Still, the experimentation in Eastern Europe, the former Soviet Union, Latin America, and Africa has produced a bunch of new ideas about how to build a genuine democracy faster and smarter. These ideas are not exactly futuristic—there are no radical technologies for perfecting democracy (e-mail can't exactly replace the rule of law)—but it's only been in the past decade that nation-builders have come to realize exactly how important they are. Here are seven of the best lessons for Iraq:
1. Delay it. The United States is raring to hold elections, declare democracy, and split. All recent experience suggests this is a terrible idea. In Cambodia and Bosnia, for example, the peacekeepers—eager to leave—staged fast votes. The result: The most nationalist, ruthless, and extreme candidates were elected.
Thomas Carothers, director of the Democracy and Rule of Law Project at the Carnegie Endowment for International Peace, notes that rushing elections reinforces the divisions that already exist in a society. As a nation rapidly "decompresses," tribal and religious loyalties fill the vacuum. Citizens attach themselves to what's familiar—often the most belligerent separatists. If elections were held today in Iraq, radical Shiite clerics and Kurdish separatists would be elected. A month later, Iraq would be half Islamic theocracy allied with Iran, half Kurdish state at war with Turkey, and all misery. (New ideas for minimizing this ethnic and religious conflict will be the subject of a later piece.)

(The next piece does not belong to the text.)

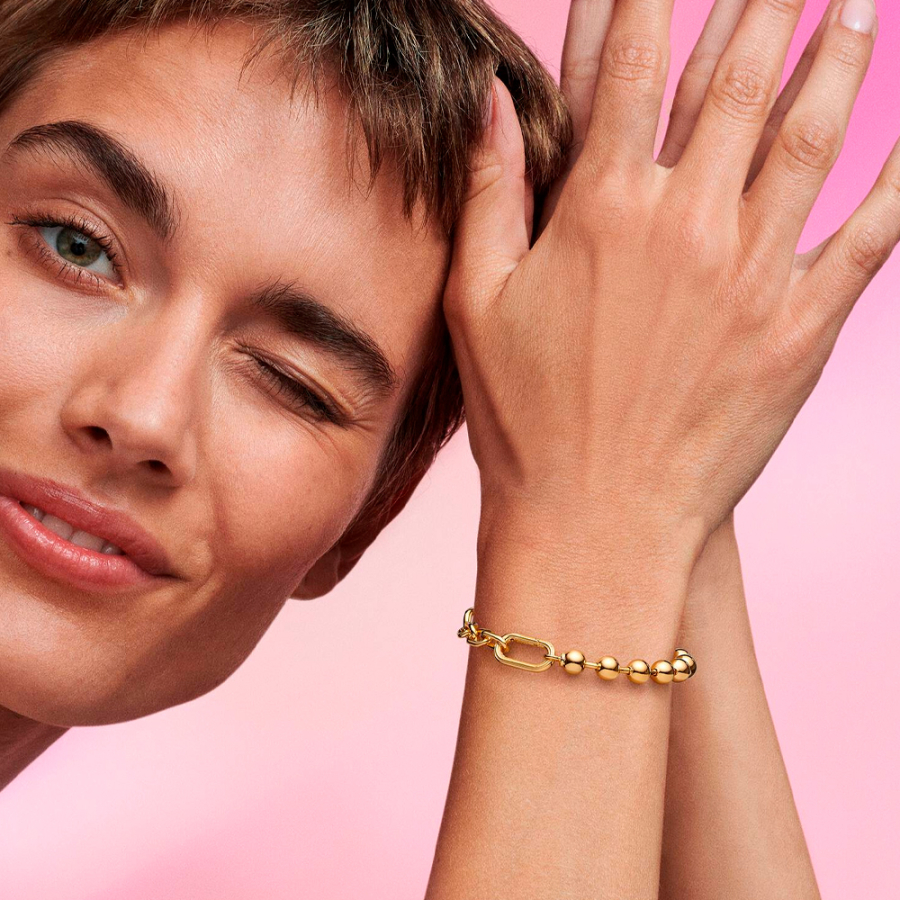 armband-mit-kettengliedern-und-metallkugeln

Carothers and others insist that a fledgling democracy should delay elections until new associations—business ties, social and professional networks, new political parties not based on tribal or religious affliation—have time to develop and compete with identity politics. A people trained for silence and obedience needs time to figure out how to participate and dissent.
Delaying national elections also allows Iraq to take baby steps. Daniel Serwer, director of the Balkans Initiative at the U.S. Institute of Peace, says that Kosovo's democracy has functioned better than Bosnia's in part because Kosovo held municipal elections first, allowing political parties to get practice and giving voters the chance to learn politics locally. Local elections can diminish the influence of ethnic and religious parties since hometown politics tend to be about bread and roads, not ideology.

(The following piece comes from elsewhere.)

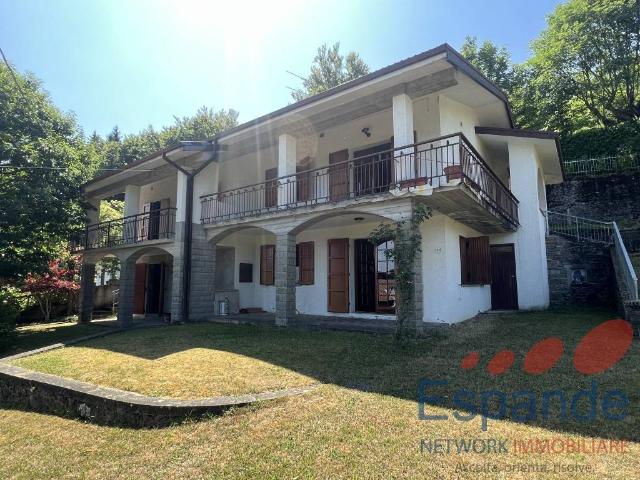 Casa indipendente in vendita a Lizzano in Belvedere BO
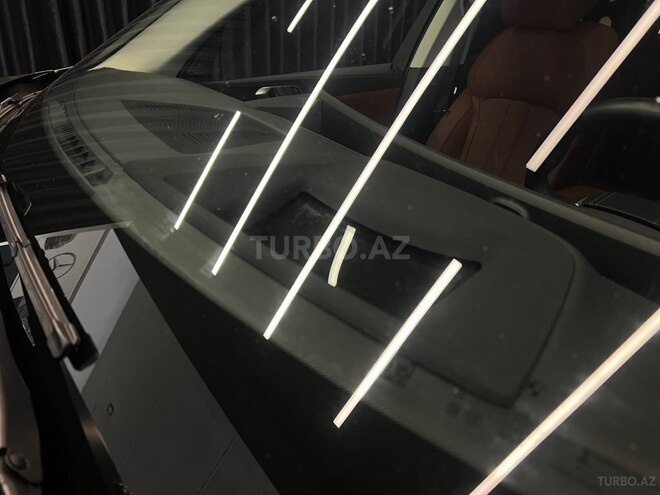 BMW X7-21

2. Establish rule of law and an independent judiciary before elections. There's a tendency in democracy-building to mistake elections for a stable democratic government. Every state requires order first. (Later in the series, we'll discuss the best new ideas for securing that order.) People can't participate in government if they don't feel safe.
The judiciary—which guarantees that order—must precede the elected government. Many recent new democracies—notably Russia—have floundered because their elected officials and business elites went unchecked. In Russia, the failure to enforce the rule of law allowed a few people to loot state assets and set up as barons. The absence of a powerful court system enabled Presidents Yeltsin and Putin to demolish all rival sources of power and make themselves democratic tyrants.
3. "Horizontal accountability." A corollary to the rule of law. In a totalitarian state like Saddam's Iraq, no independent power source was permitted. There was one supreme, unchallengeable authority. Liberal democracy requires independent sources of power to ensure that voted-in leaders don't use the excuse of elections to revoke rights and crush rivals. Scholars call this diffusion of power "horizontal accountability." It's essentially what Americans know as "checks and balances."